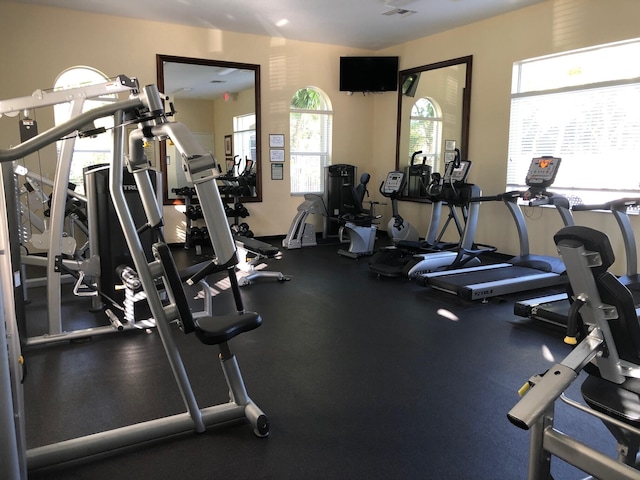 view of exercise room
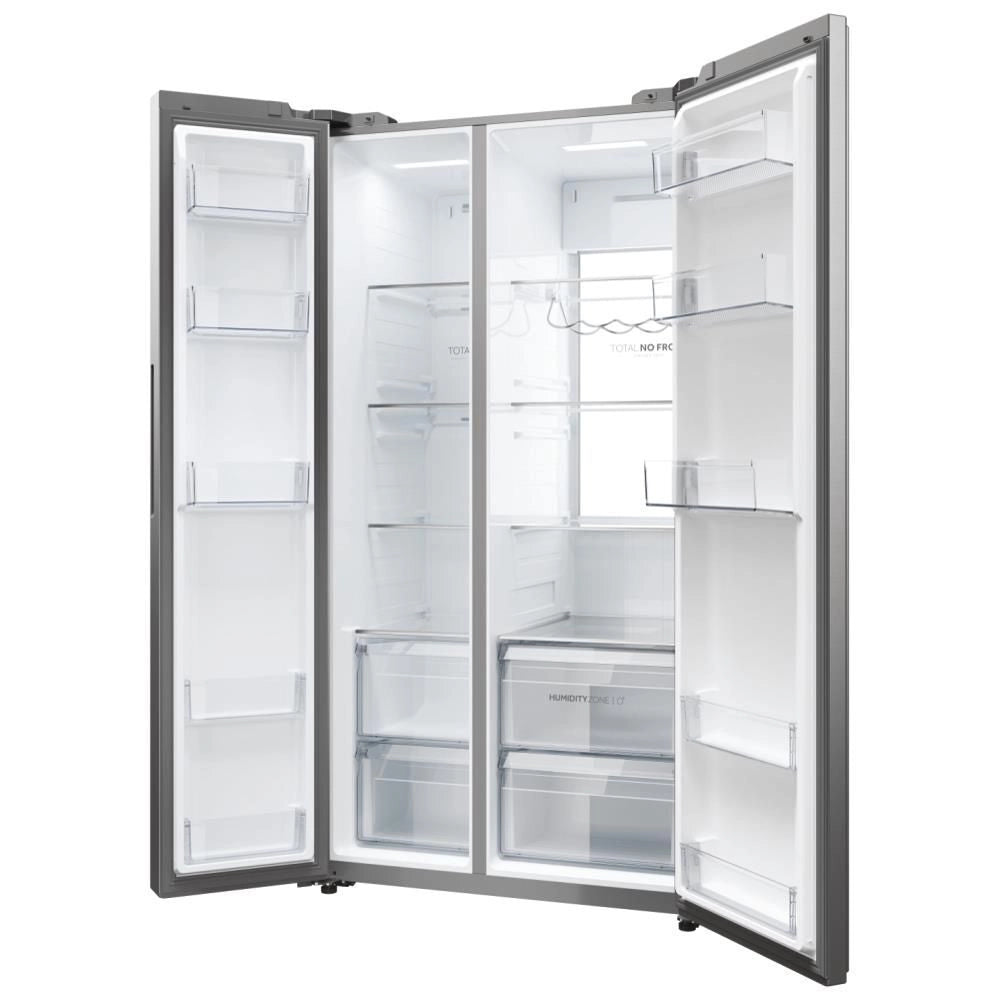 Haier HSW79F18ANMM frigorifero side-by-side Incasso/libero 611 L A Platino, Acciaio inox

_____

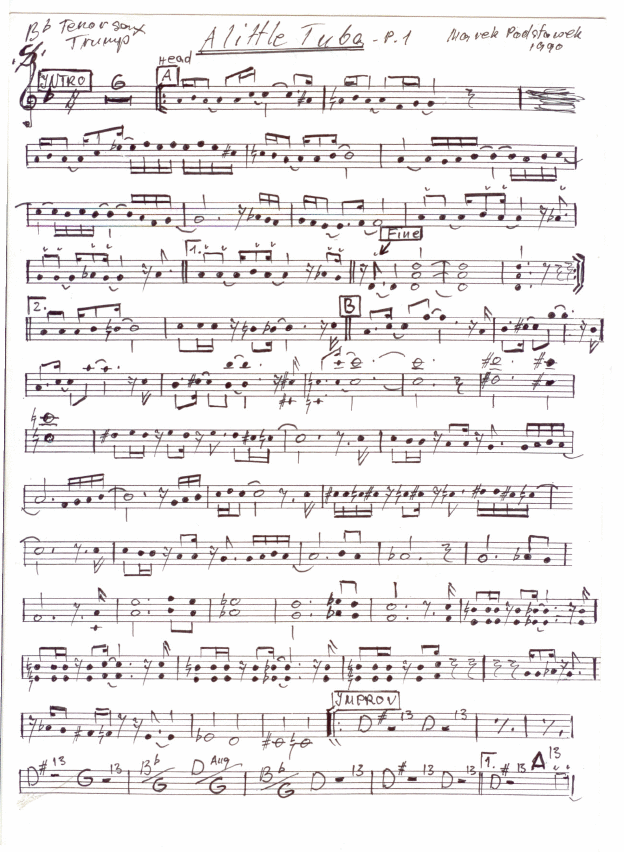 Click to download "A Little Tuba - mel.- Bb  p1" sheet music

_____

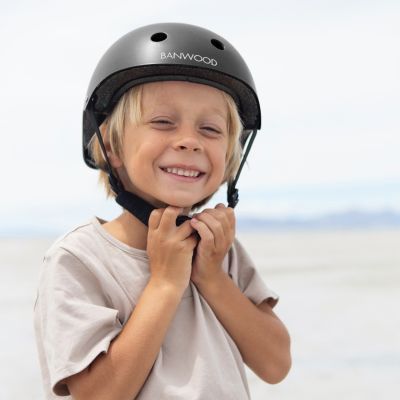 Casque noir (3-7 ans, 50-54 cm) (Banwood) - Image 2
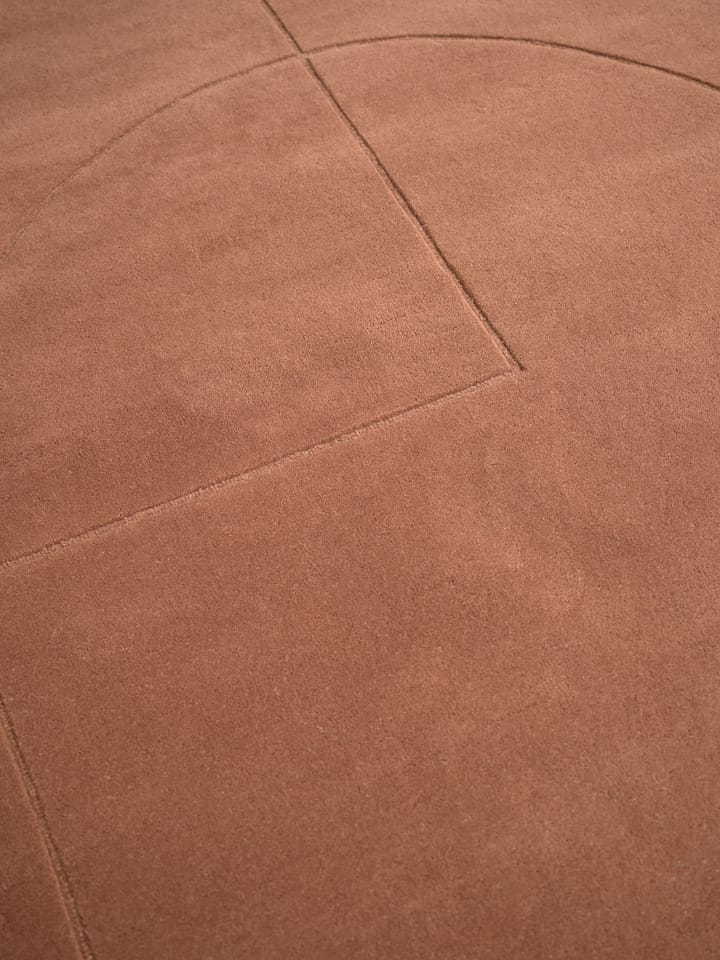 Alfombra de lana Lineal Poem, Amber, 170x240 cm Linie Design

_____

**Work to be completed**
Copy word for word the span of the records above that begins at the line with "Casque noir (3-7" and ends at the line with "Alfombra de lana", including those two lines but not the pictures.

**The completed task**
 Casque noir (3-7 ans, 50-54 cm) (Banwood) - Image 2
 Alfombra de lana Lineal Poem, Amber, 170x240 cm Linie Design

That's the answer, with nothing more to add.